The problem is to compute the minimum distance between the two curves y=4-x^2 and y=(x-3)^2 in two dimensions.

The other day a friend of mine gave me the above problem which I found rather interesting. I was able to get a numerical solution. I'll post how I solved it later in the thread. Others may want to try it and see what they come up with.

 

[anuttarasammyak]

Square of the distance is
$$L^2=(y_1-y_2)^2+(x_1-x_2)^2=(4-x_1^2-(x_2-3)^2)^2+(x_1-x_2)^2$$
The condition of minimum is
$$\frac{\partial L^2}{\partial x_1}=\frac{\partial L^2}{\partial x_2}=0$$
Intersection of these two curves would give an answer.

 

[Charles Link]

@anuttarasammyak That's one part of what I did to solve it. Those two partial derivative expressions are really too clumsy to solve exactly. I used them though by getting an approximate $x$ for where the two $x$ values occur by first solving for the $x$ where the vertical distance is a minimum. That turns out to be at $x=3/2$.

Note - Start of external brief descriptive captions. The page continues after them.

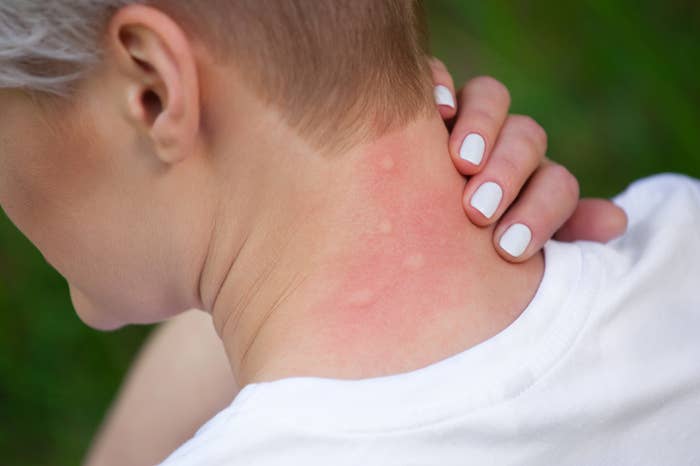 Person with short hair touching neck showing red, irritated skin with small bumps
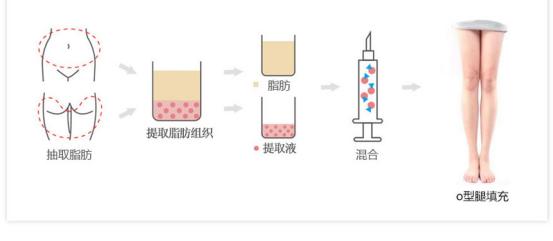 王明利自体脂肪丰臀怎么样,穿什么可以显腿瘦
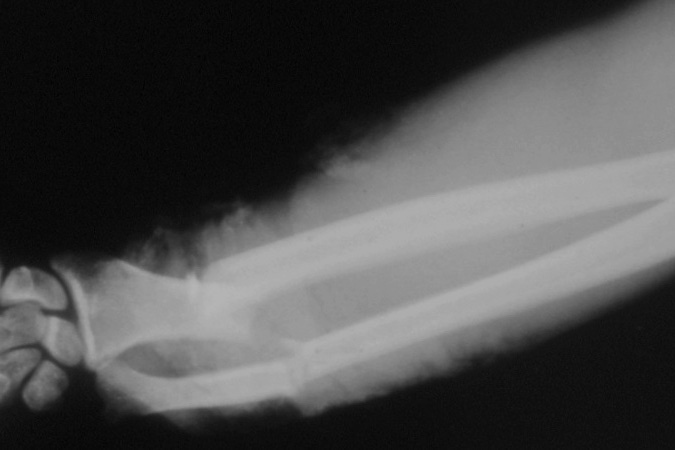 AP X-ray of right open distal -third transverse radius and ulna fractures 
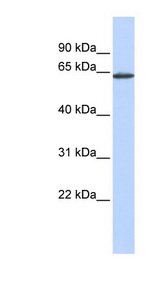 ANTXR1 / TEM8 antibody LS-C111251 Western blot of MCF7 cell lysate.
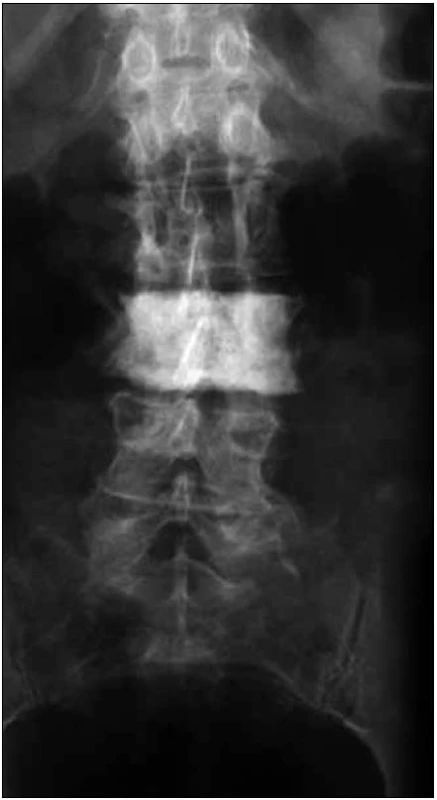 Předozadní RTG snímek páteře u pacientky s osteosklerotickým mnohočetným myelomem a POEMS syndromem.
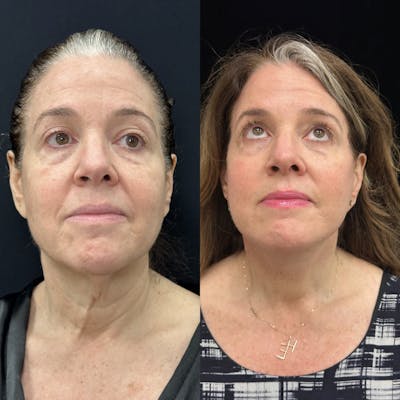 Deep Plane Facelift Before & After Gallery - Patient 355785 - Image 1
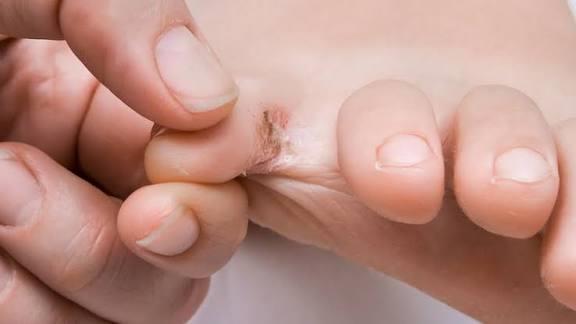 احذر ..فطريات القدم في الشتاء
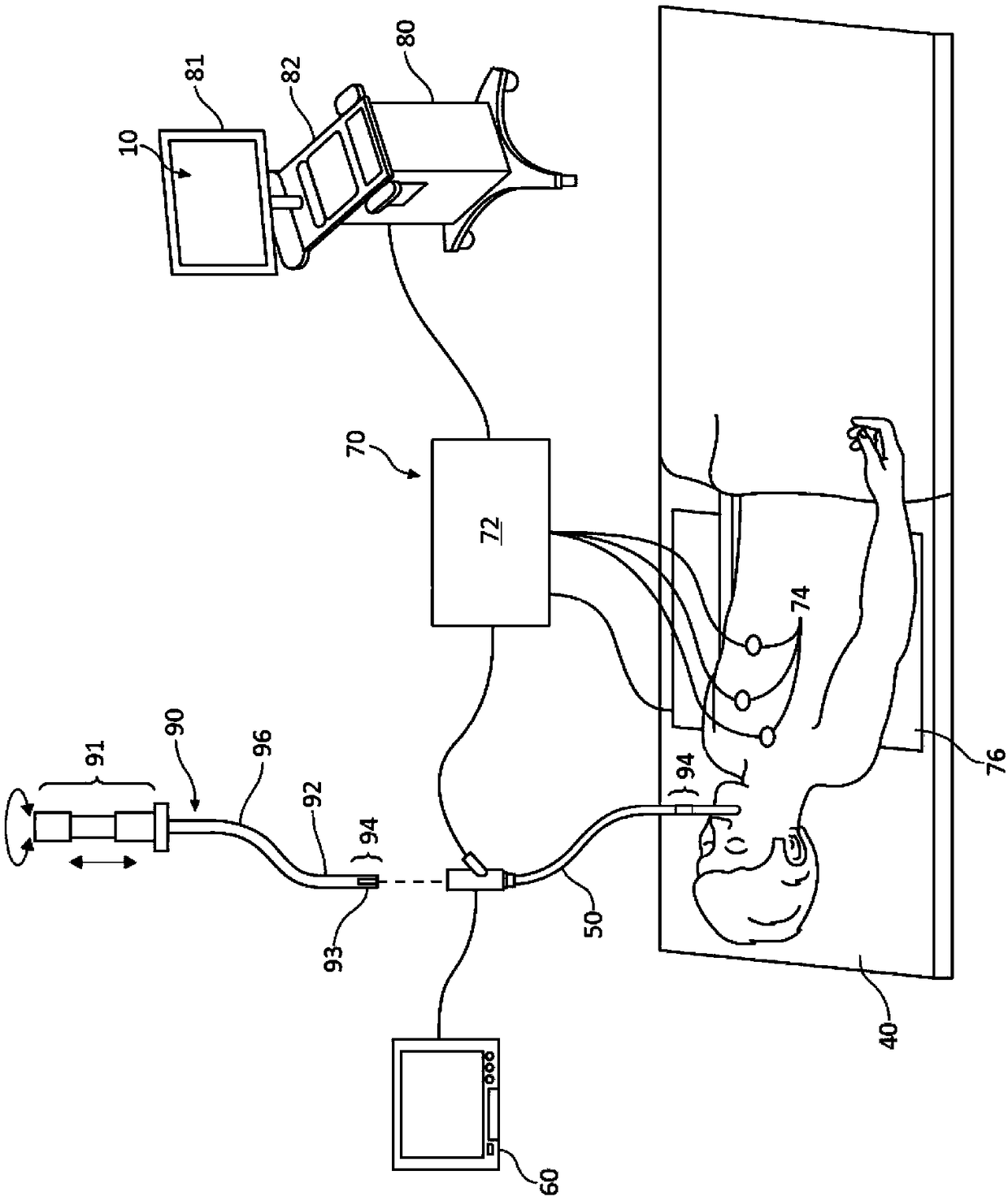 System and method for navigational bronchoscopy and selective drug delivery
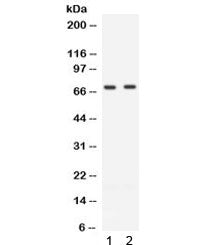 Western blot testing of human 1) Jurkat and 2) CEM cell lysate with ZAP70 antibody. Expected molecul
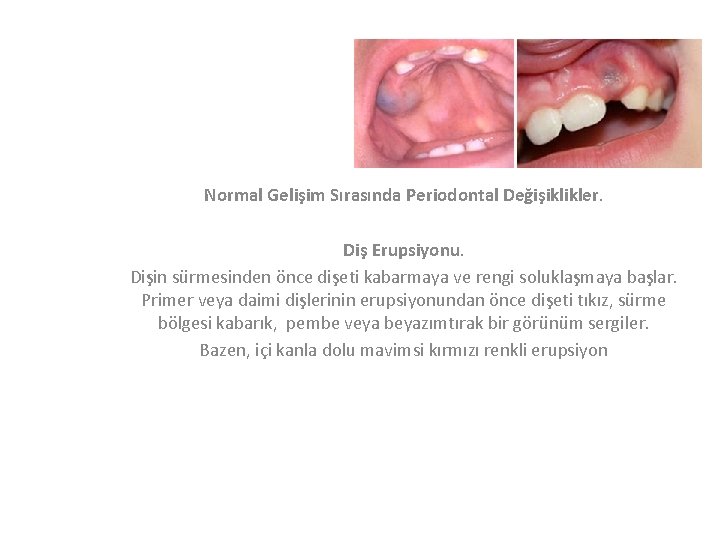 Normal Gelişim Sırasında Periodontal Değişiklikler. Diş Erupsiyonu. Dişin sürmesinden önce dişeti kabarmaya ve rengi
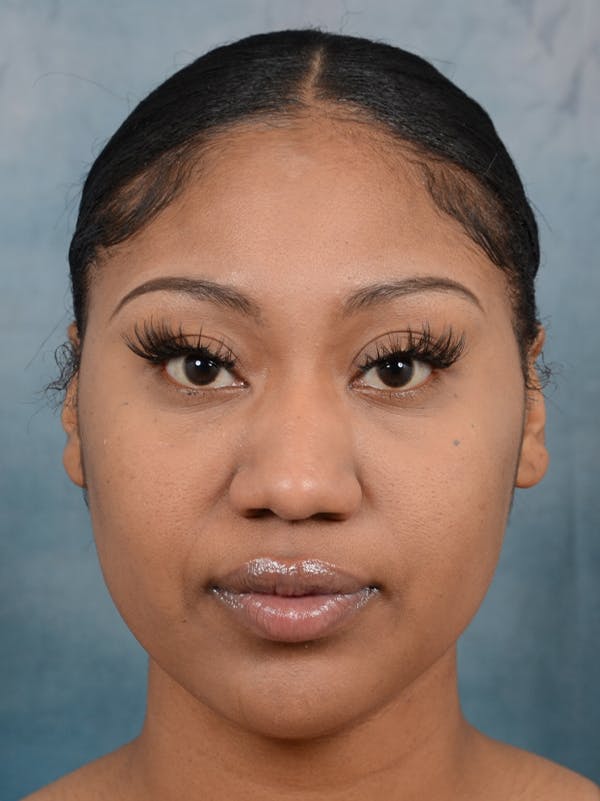 Rhinoplasty Before & After Gallery - Patient 44233111 - Image 3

I then let $x_1=3/2+ \Delta_1$ and $x_2=3/2+ \Delta_2$ and solved for $\Delta_ 1$ and $\Delta_2$ to first order using the two partial derivative expressions.

Others may want to try the calculation and/or have alternative ways of solving it, so I'm leaving just a summary of the solution rather than showing all of the details.